A GIRL CALLED RUMI
Ari Honarvor’s photo on Page 358 of A GIRL CALLED RUMI, dressed as a boy in Iran in 1982, stands in stark contrast to the mature, experienced woman as she appears on the back cover.
In 1982, Ari was trying to pass herself off as a boy. Why? Because in an Islamic state, women have no rights. They must cover themselves at all times. They must endure the heels of a patriarchal regime that simply doesn’t recognize womanhood.

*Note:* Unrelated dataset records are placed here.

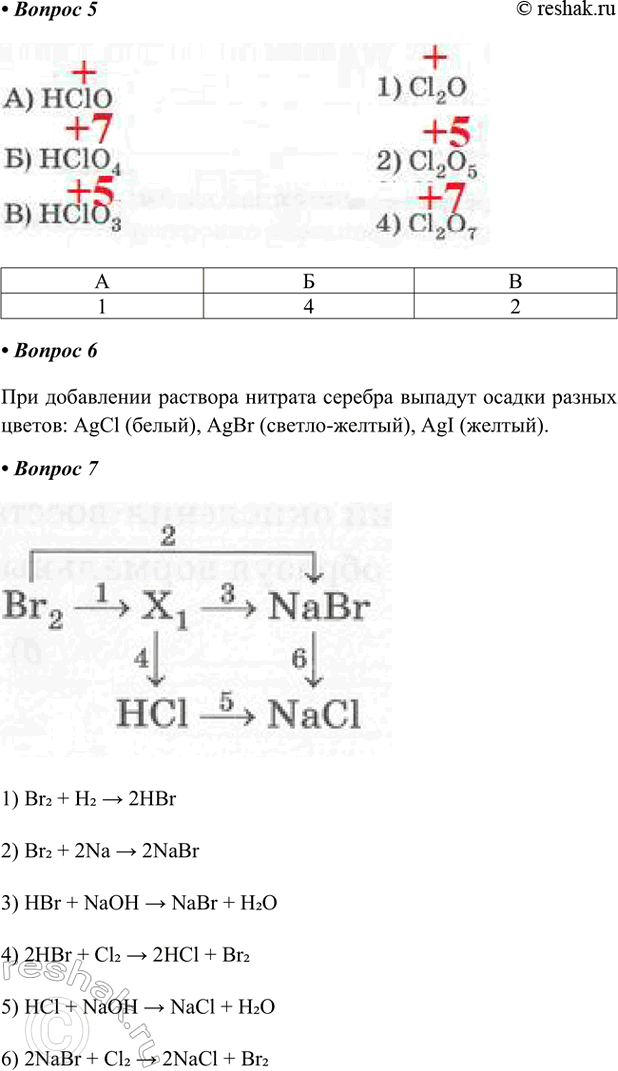 �������������� �����������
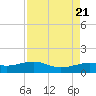 Texas City tide chart for Monday, August 21, 2023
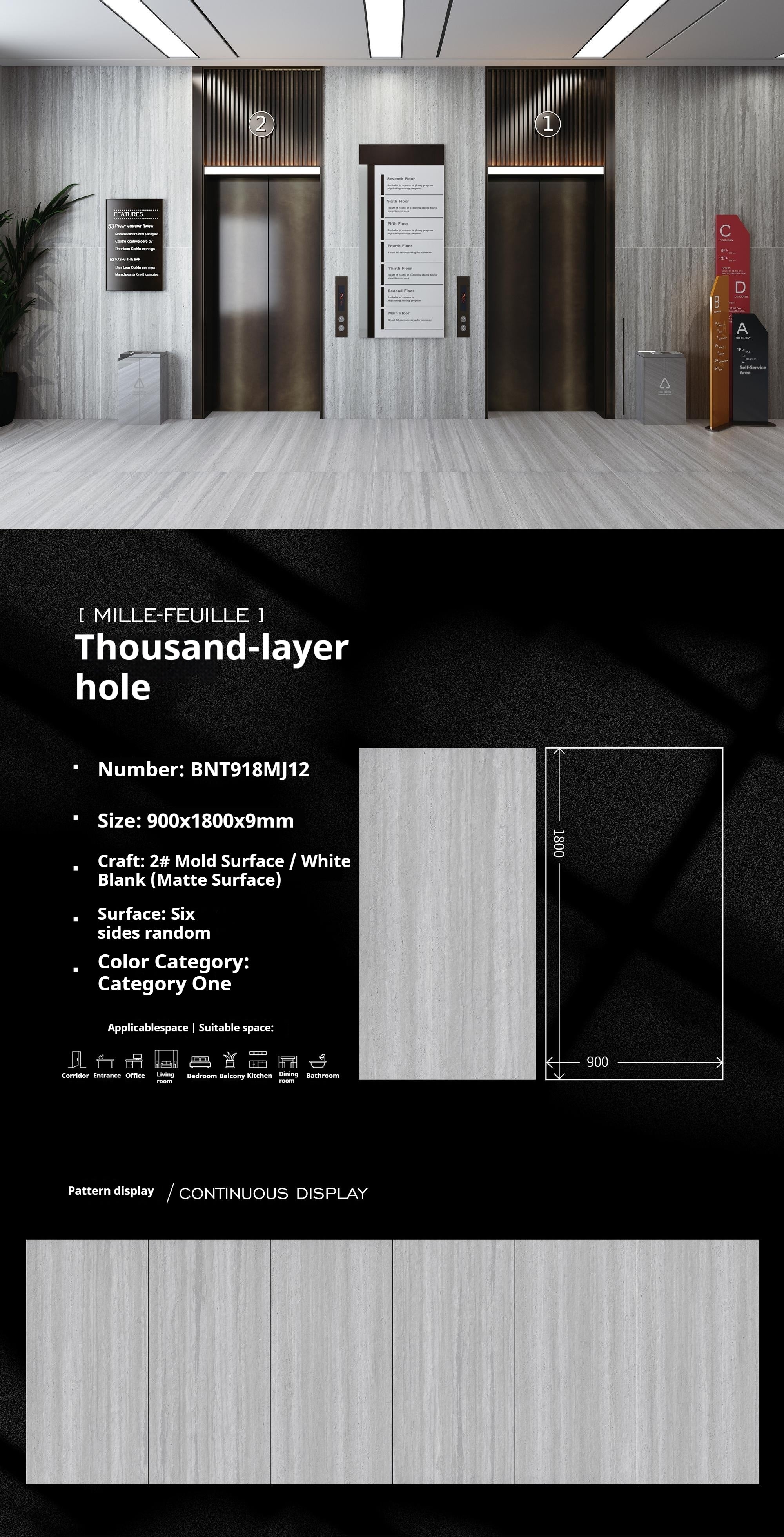 Thousand-layer hole
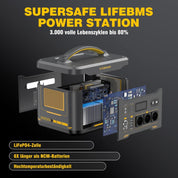 VTOMAN Jump 2200 Tragbare Powerstation - 1548Wh/2200W (Spitze 4400W) LiFePO4 Batterie Solar generatoren,Mobile Stromspeicher mit Erweiterbare Kapazität auf 3096Wh, Dual PD 100W Typ-C Anschlüsse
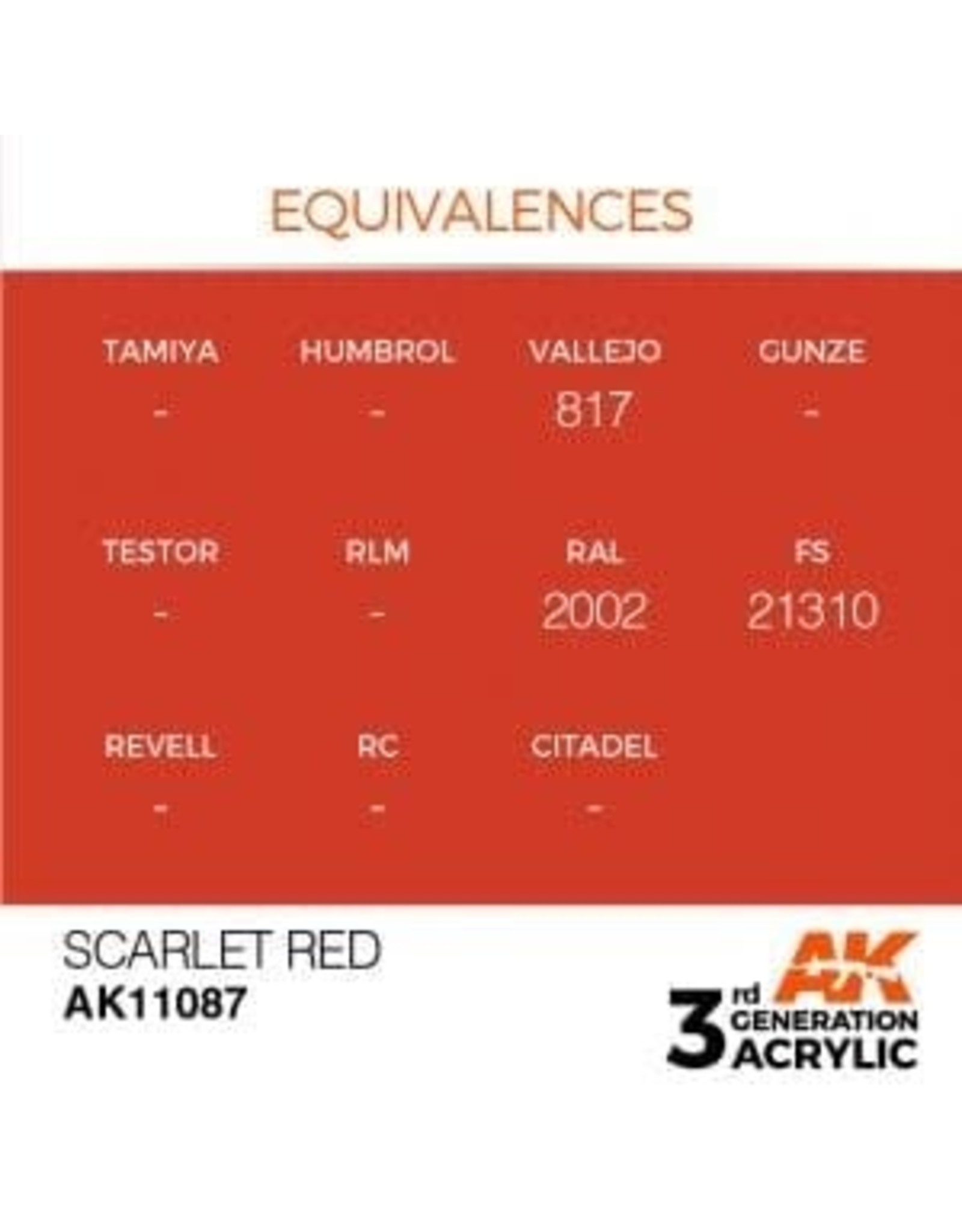 AK Interactive 3RD GEN ACRYLIC SCARLET RED 17ML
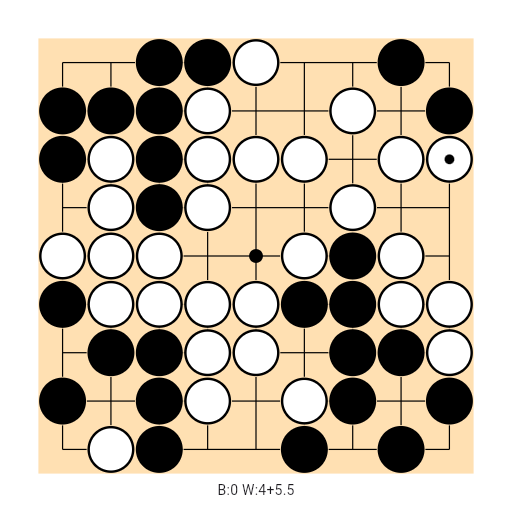 Game position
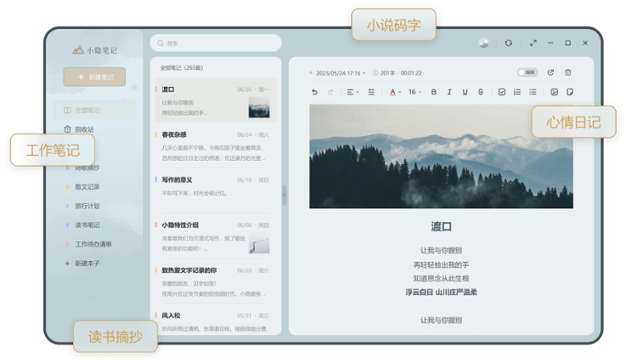 小隐笔记
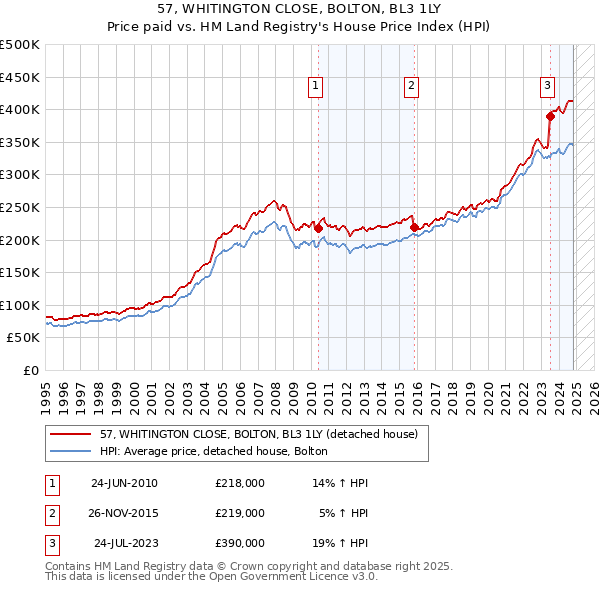 57, WHITINGTON CLOSE, BOLTON, BL3 1LY: Price paid vs HM Land Registry's House Price Index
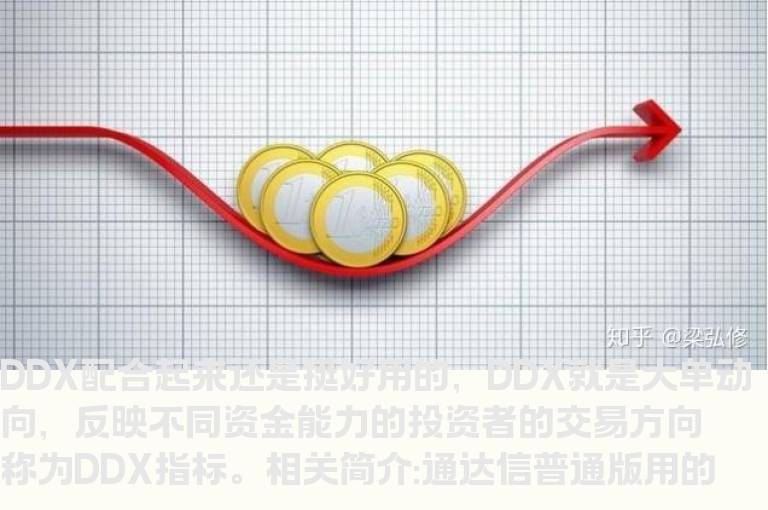 通达信普通版用的DDX指标公式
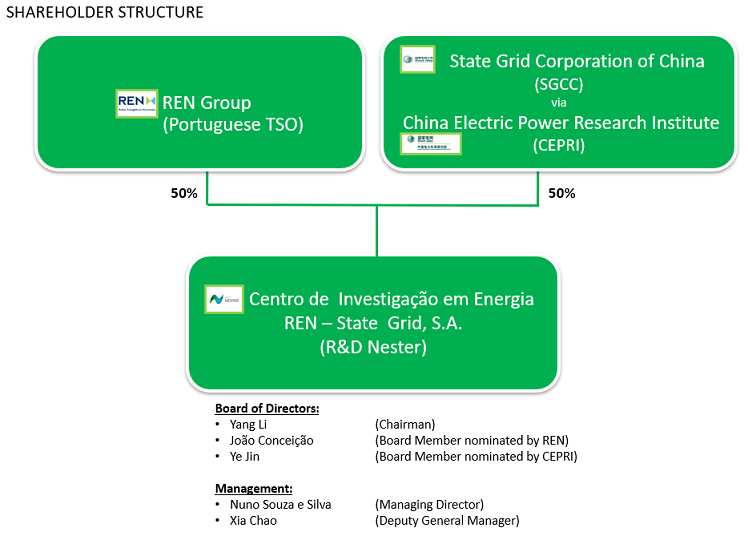 estrutura nester 2026 ING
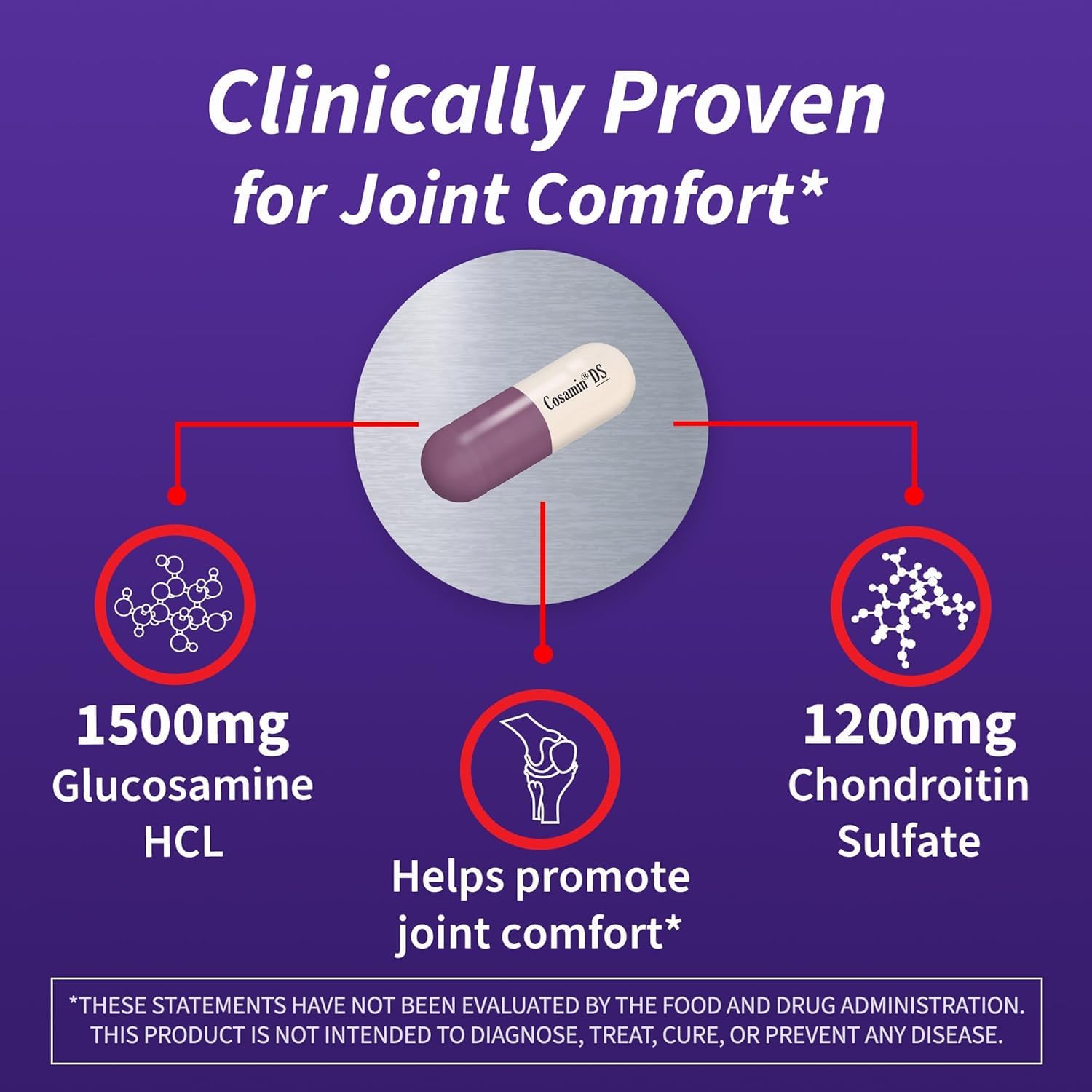 Cosamin DS for Joint Health Comfort & Mobility, 2 Count - TrustMedUSA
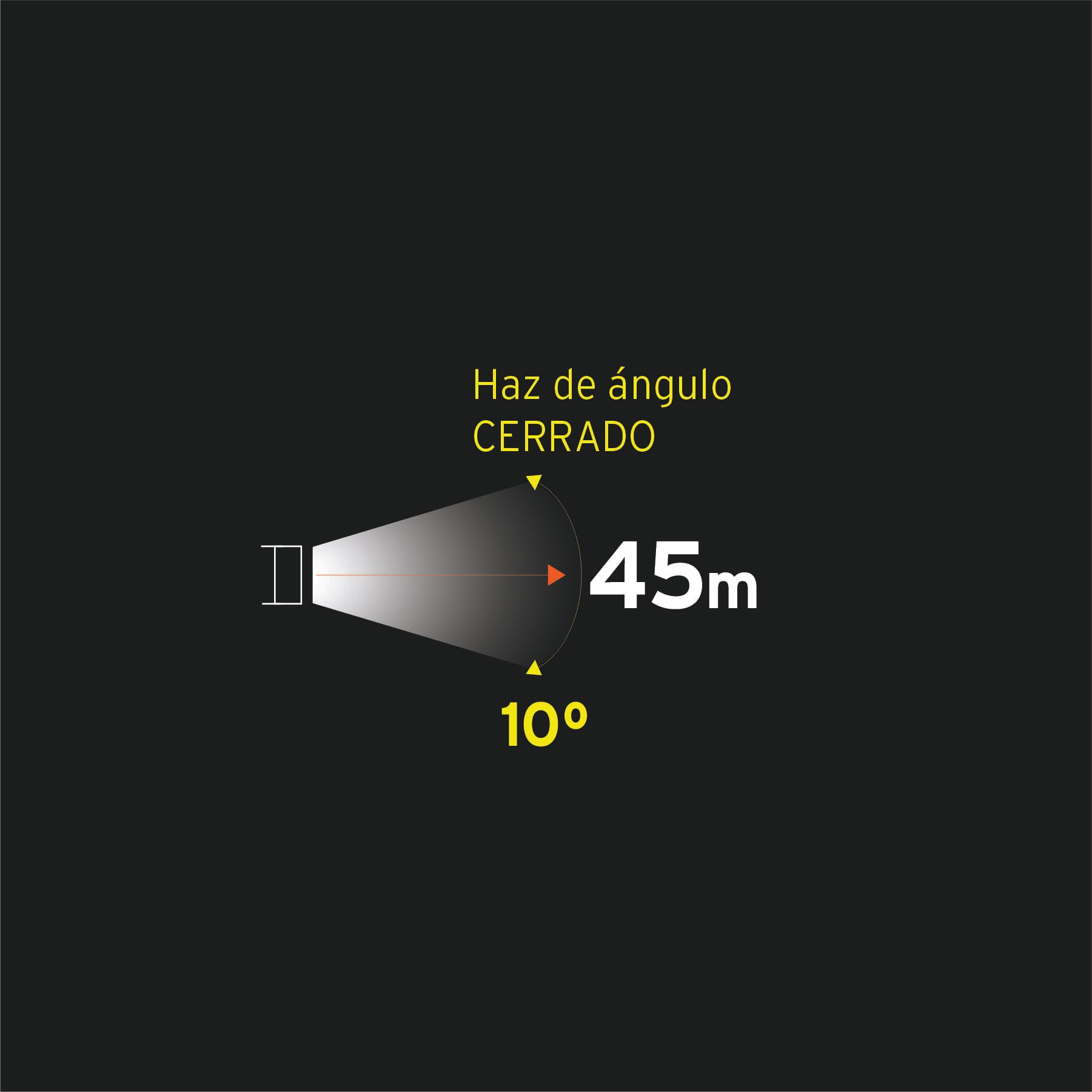 Linterna recargable de LED, 15 lúmenes, PRETUL
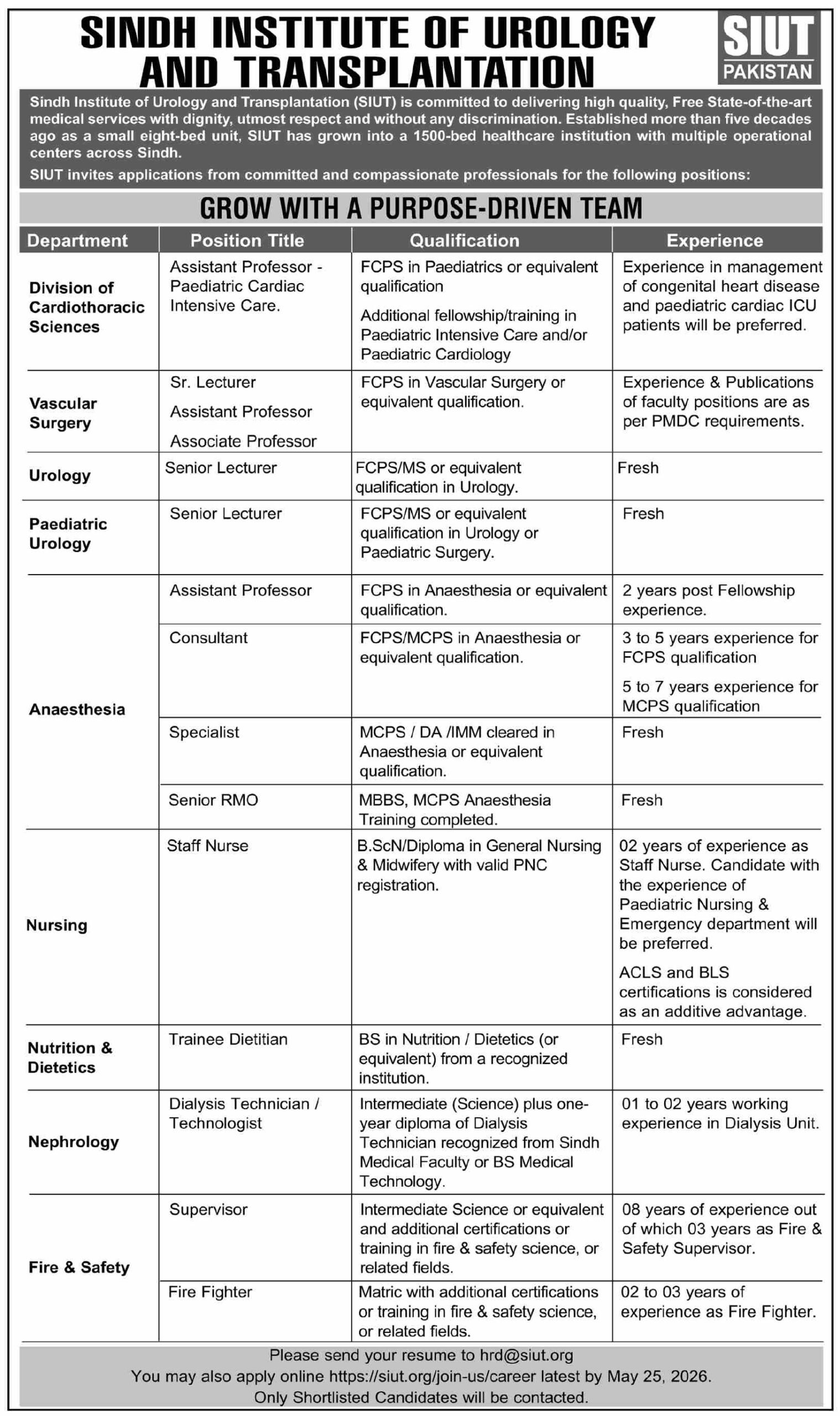 Sindh Institute of Urology and Transplantation (SIUT) Jobs 2026 – Faculty, Nursing, and Technical Vacancies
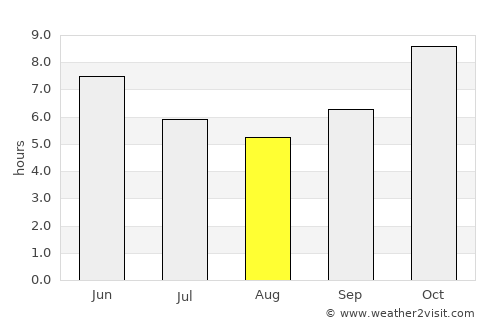 Sansanné-Mango average rain in August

Birds and their magical, mystical properties are an escape for young Ari. In the novel, Kimia — is Kimia partially both a younger and older version of Ari? — endures the traumas and the revolutions underway in Shiraz in 1981 and the uprisings in 2009. By 2019, Ari/Kimia has emigrated with her brother, Arman, to San Diego, where Arman, far and safely away from the maddening revolutions, opens up his own restaurant. Kimia opens up her own wellness spa. All is good for them, with the terrors of the 1981 revolution buried safely in their past, until their mother, Roya, decides that she, late in life in 2009 — before she dies — admits that she really wants to return to her childhood home of Shiraz.
Mythical birds give the girl, who now calls herself Rumi (she sees more poetry in that name, I suppose), solace and spirit. One bird is the Simorgh, the greatest of all birds, the bird of legend with a fox’s head that is destined to rule all birds — and the powers that it brings.
A GIRL CALLED RUMI is about terror, violence and looking beyond it all, reworking it all with the help of myths and hope. The journey ends only when the Simorgh intervenes in reality and provides real truth, in order to battle for Arman’s freedom after kidnappers take him hostage and torture him, and finally sets him free.